Plastic Tree 剥製 CJビクター(2015)

 「今回は特にコンセプトを設けないで作りはじめたんですけど、統一感があるっていうのは、作った時期が一緒だからっていうのもあるんですかね? 曲調はバラバラにしろ、〈Plastic Treeの音楽はこういうもの〉みたいなのにそれぞれが向かっていたというか」(長谷川正、ベース)。

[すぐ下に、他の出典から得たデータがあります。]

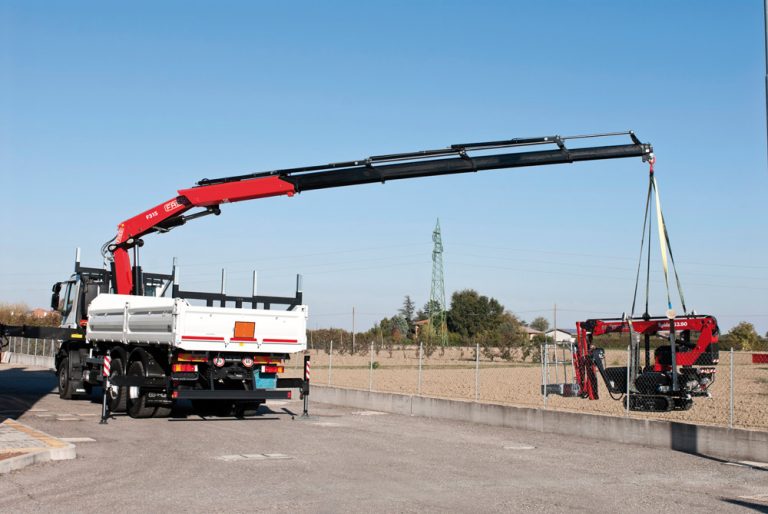 fassi-loader-crane-F315A-e-dynamic-03 - 600 Cranes Australia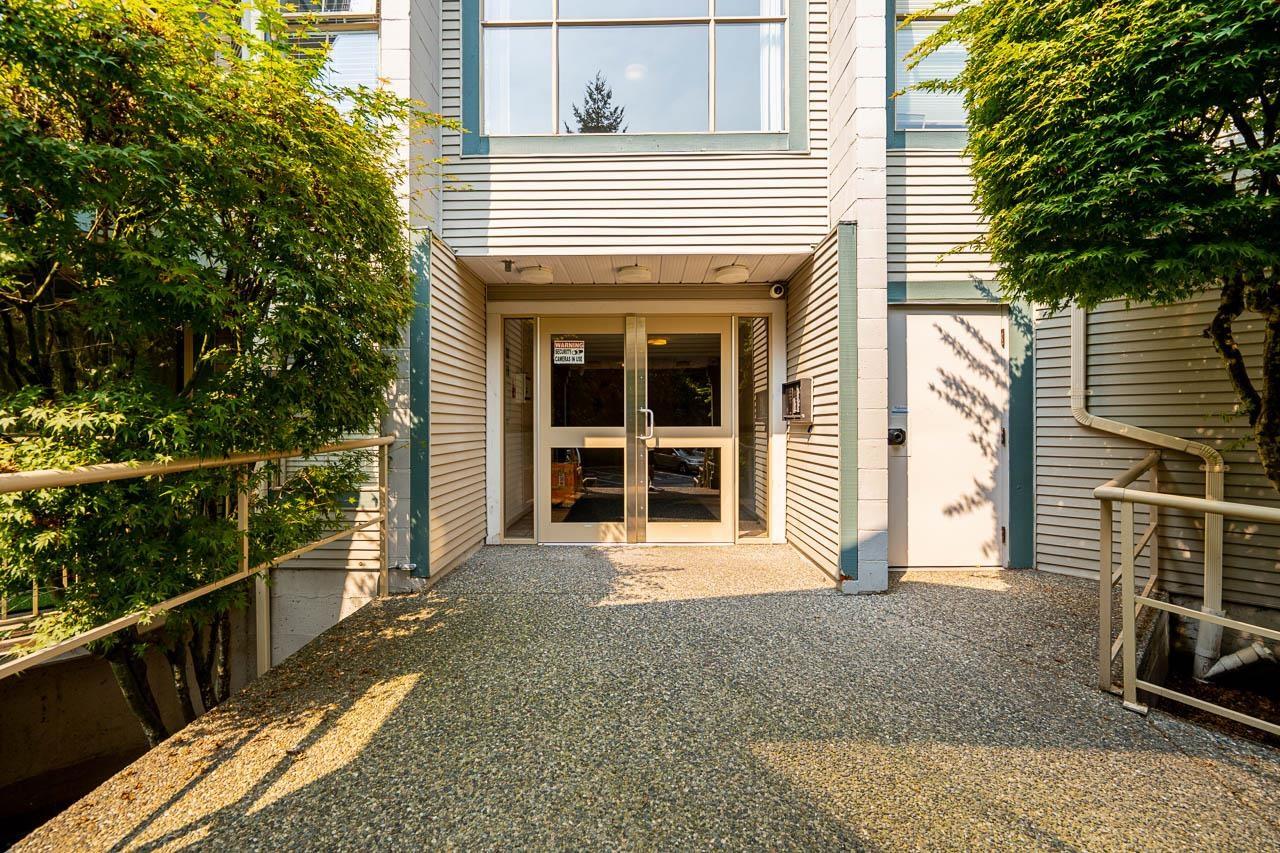 105 10743 139 Street, Surrey, British Columbia  V3T 4L8 - Photo 3 - R3160134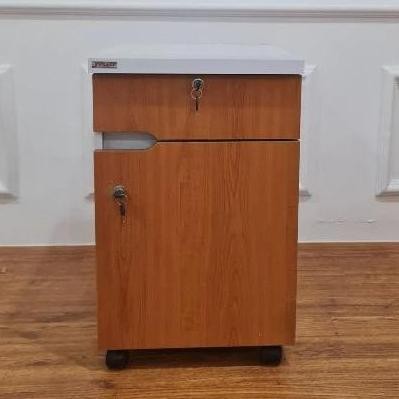 Meja Nakas Laci / Nakas Laci Pakai Kunci / Lemari Berkas Kantor / Meja Nakas Tempat Berkas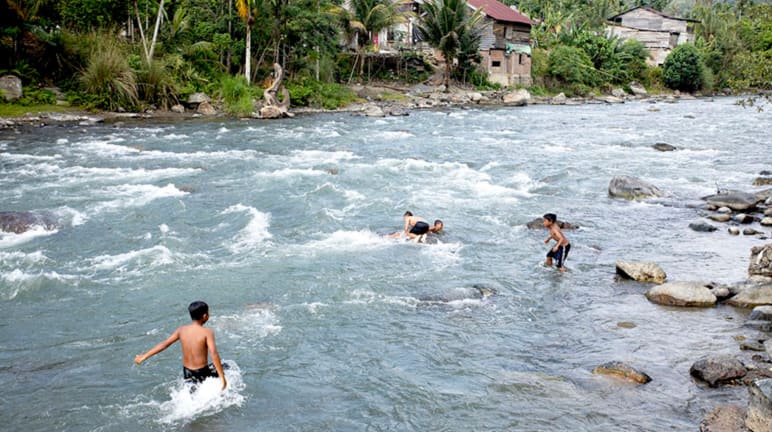 Anak-anak mandi di Sungai Meureubo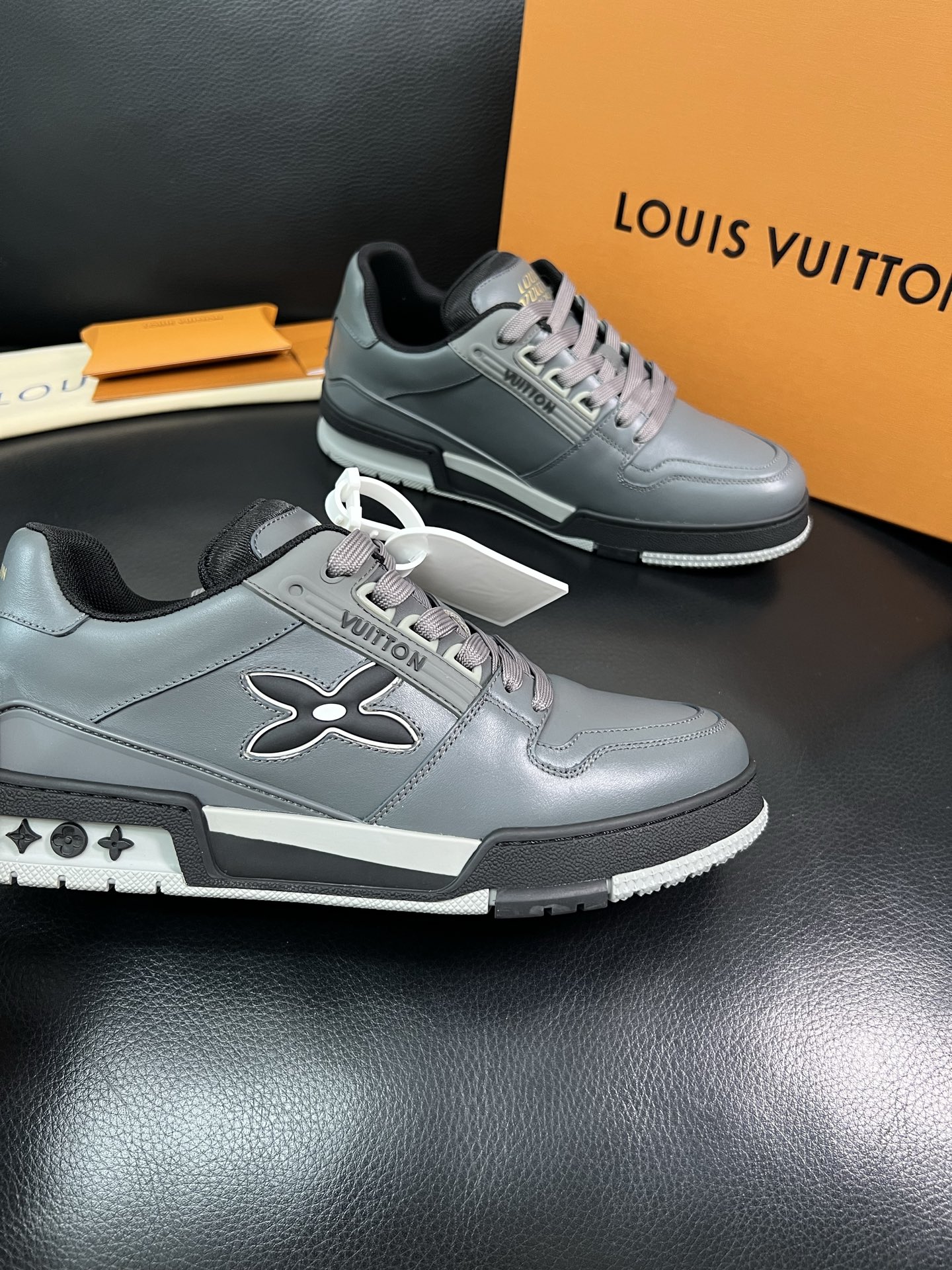 LV A貨男士運動鞋灰色低調百搭潮流款|超A仿原單精品圖片 10 LV A貨男士運動鞋灰色低調百搭潮流款|歐美奢侈品精品推薦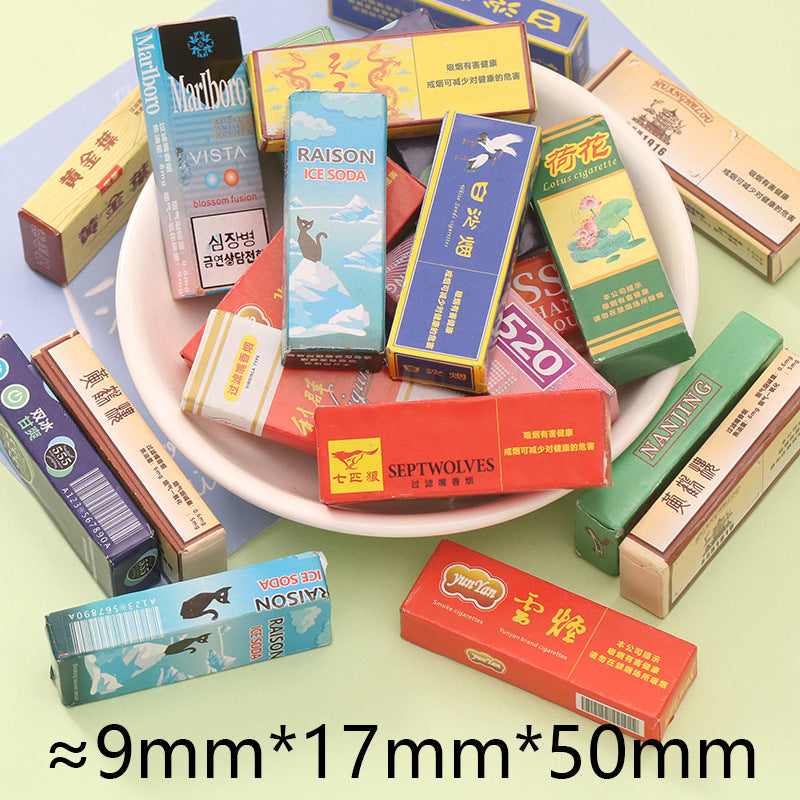 20pcs / Compilations Three-dimensional HEYTEA Portable Cup DIY Small Toy Car Micro Convenience Store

 「今作のなかでいちばん早く出来た曲が“マイム”なんですけど、その頃から次のアルバムを見据えて曲を作ったり、アイデアをバンドに持ち込んだり、そういうことを各々がやってたと思うんですよね。とにかく、この4人のメンバーでのベストの作品を作ろうと。そうすれば、Plastic Treeの現時点の代表作になるだろうし、アルバムってそういうものだと思うので。だから、“マイム”以降の長いタームで見た〈この時期のPlastic Tree〉が、この『剥製』というアルバムなんです」(有村竜太朗、ヴォーカル)。

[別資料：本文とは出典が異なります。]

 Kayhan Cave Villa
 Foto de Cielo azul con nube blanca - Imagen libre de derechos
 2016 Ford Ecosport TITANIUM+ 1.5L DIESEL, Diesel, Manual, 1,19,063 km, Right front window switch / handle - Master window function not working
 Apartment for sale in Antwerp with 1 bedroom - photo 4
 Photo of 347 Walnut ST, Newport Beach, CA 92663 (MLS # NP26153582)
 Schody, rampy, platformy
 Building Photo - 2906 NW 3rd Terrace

 四者四様の作風を突き詰め、それを薄めることなくバンドに取り込むことで完成した楽曲群。そのオープニングを華やかに演出するのは、ナカヤマアキラ(ギター)が手掛けた“フラスコ”だ。開放的にドライヴするバンド・サウンドに光の乱反射のようなエレクトロニクスを重ねた同曲は、シチュエーションが鮮明に浮かぶものの、唐突な設定が敷かれた詞世界も彼の十八番。加えて狂騒の電子ロック“スラッシングパンプキン・デスマーチ”ではそうした特性がより前面に出ており、字面だけで想像できるか不明だが、まさに表題通りに進むストーリーが途轍もなくエキセントリックで……。

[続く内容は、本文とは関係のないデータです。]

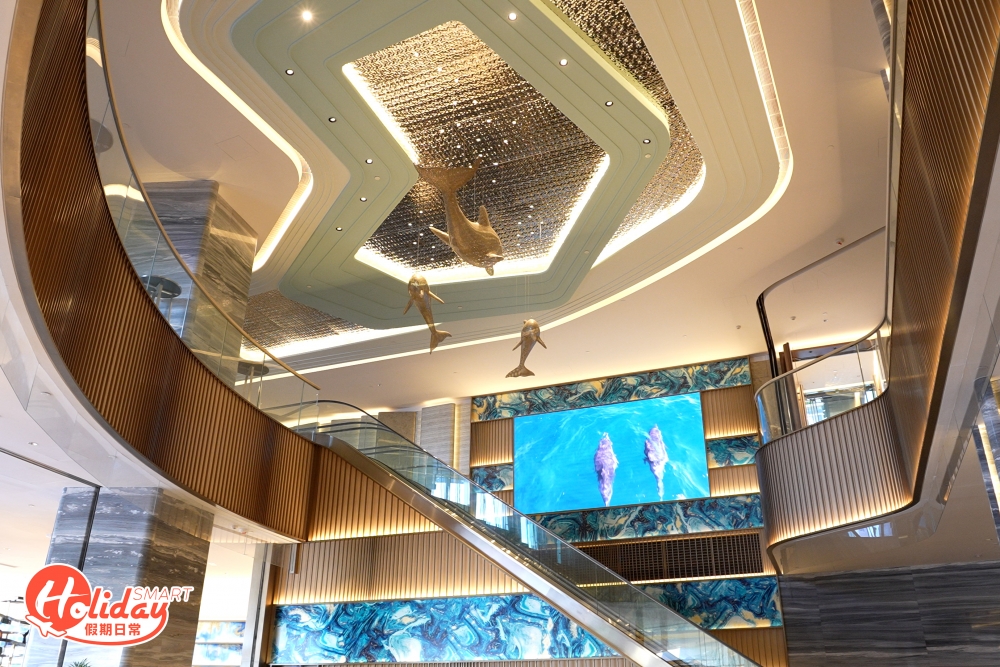 新酒店共有1,208間客房，其中90間為套房，所有客房採用現代簡約設計，基本上所有客房的設備均一樣，配備雙層玻璃窗、風筒、茶及咖啡沖調設備、迷你冰箱和房內保險箱，景觀分別有園林景和海景觀，可俯瞰SKYCITY航天城、酒店花園或中國南海。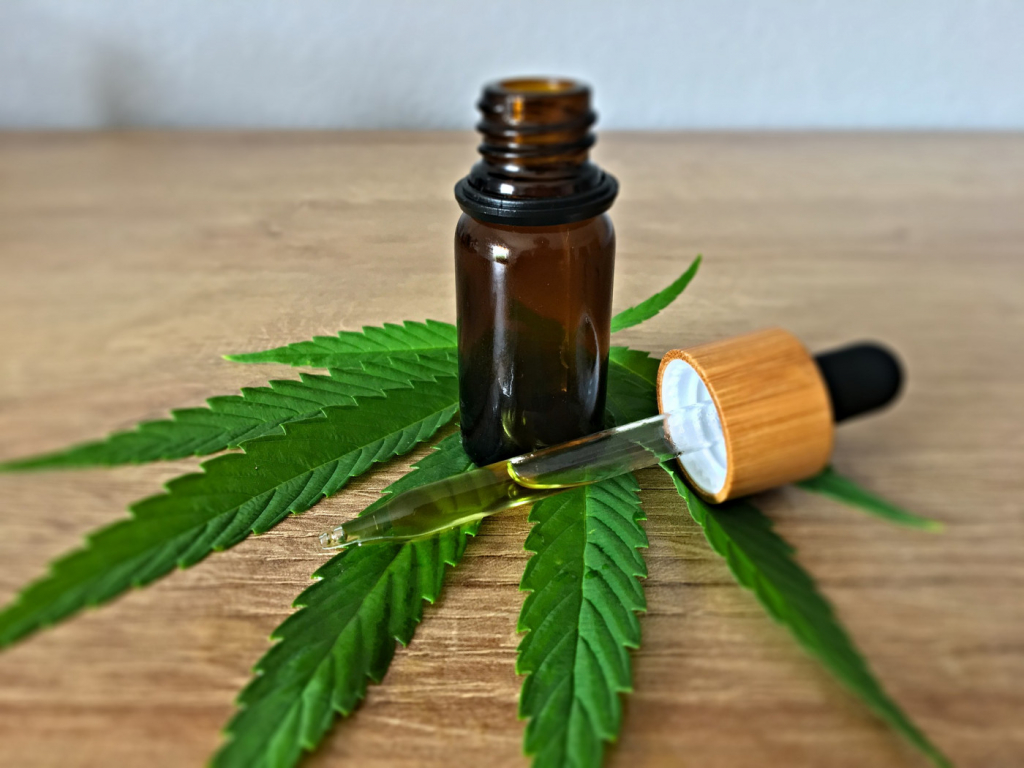 STJ decide que Justiça pode permitir salvo-conduto para cultivo de cannabis para fins medicinais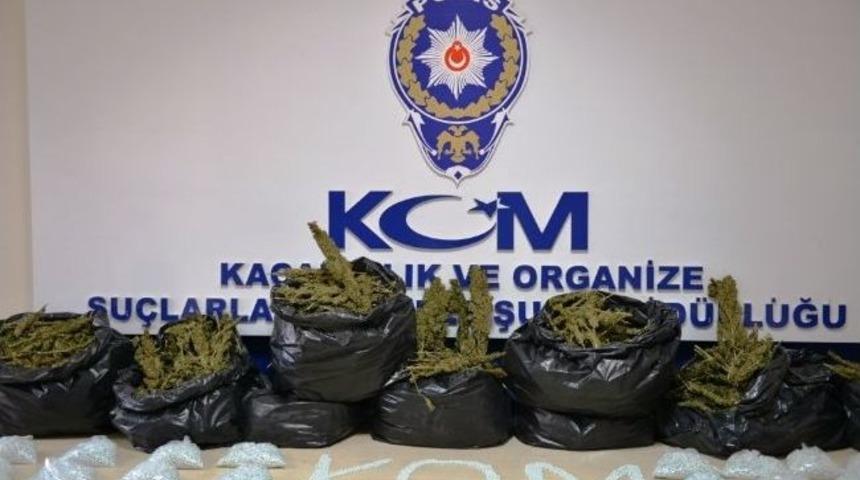 İzmir'deki Uyuşturucu Operasyonu Polis Kamerasında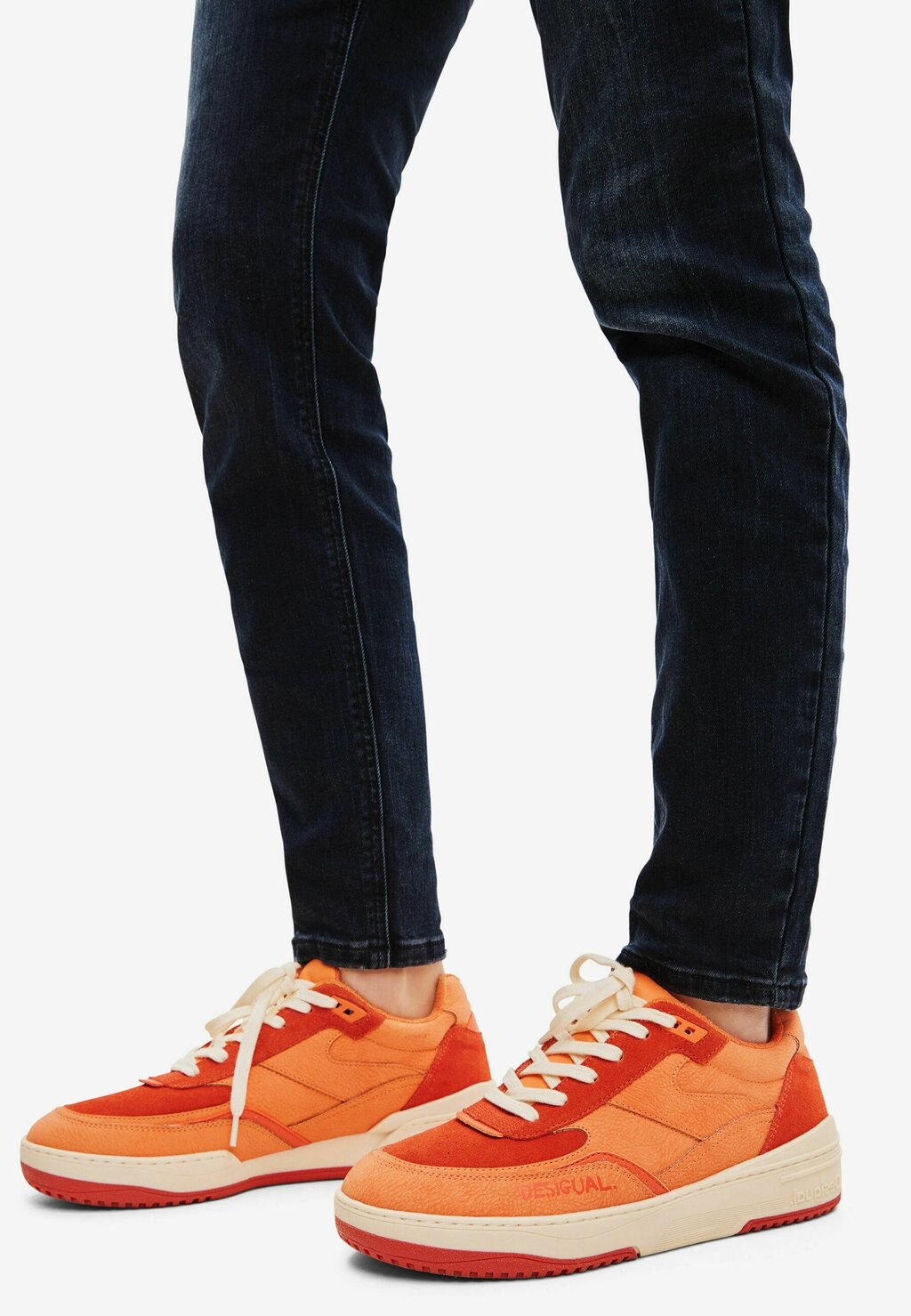 

Кроссовки Desigual RETRO Chunky Patchwork, оранжевый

 「その感想はありがたいですね(笑)。そういうふうに言われたり、思われたりするために、この歌詞にしたようなものですから。4人それぞれ、得意な分野に特化した曲を書いてみないかい?っていう期間があったので、よく〈らしい曲ですね〉って言われるようなところを意識して書いてみました」(ナカヤマ)。

 続く“ハシエンダ”“インソムニアブルース”の2曲を手掛けたのは長谷川。パンク経由の豪快さを持つ前者、往時のインディー・ダンス勢を想起させる後者とテイストは違えど、強引なほどのグルーヴ感に自身のルーツを投影している。

 「言ってしまえば、最近、曲を作るときはそういうのばっかりなんですよね。もう自分のルーツにあるものを割と素直に出してしまおう、みたいなところがあって。“ハシエンダ”はちょっと暴力的なグルーヴというか、そういう曲があってもいいんじゃないかな?と思って持ってきました。タイトルは自分が憧れてる世界観の象徴というか……もちろん実際に行ったことはないんですけど、(ハシエンダを運営していた)ファクトリーっていうレーベルには自分の好きな作品が多いんで、そういう音楽がいつも流れてる場所にパーティー・ピープルが日夜集まって……それが自分としては、理想のコミュニティーっていうイメージなんですよね。そういうところに現実逃避するみたいな感じです。“インソムニアブルース”もPlastic Treeを結成したときからずっとやってみたいなって、何度か作ってきたタイプの曲で。結構前からあったんですけど、ここでアルバムに入れようと思って、みんなにいろいろとアイデアをもらって完成しました」(長谷川)。

 なお、起伏を抑えたメロディーに揺らぐギター・サウンドが映える“float”の作曲者も長谷川。そこに詞を乗せ、センティメンタリズム全開の言葉が瑞々しく疾走する“告白”の詞/曲も担当したのは佐藤ケンケン(ドラムス)だ。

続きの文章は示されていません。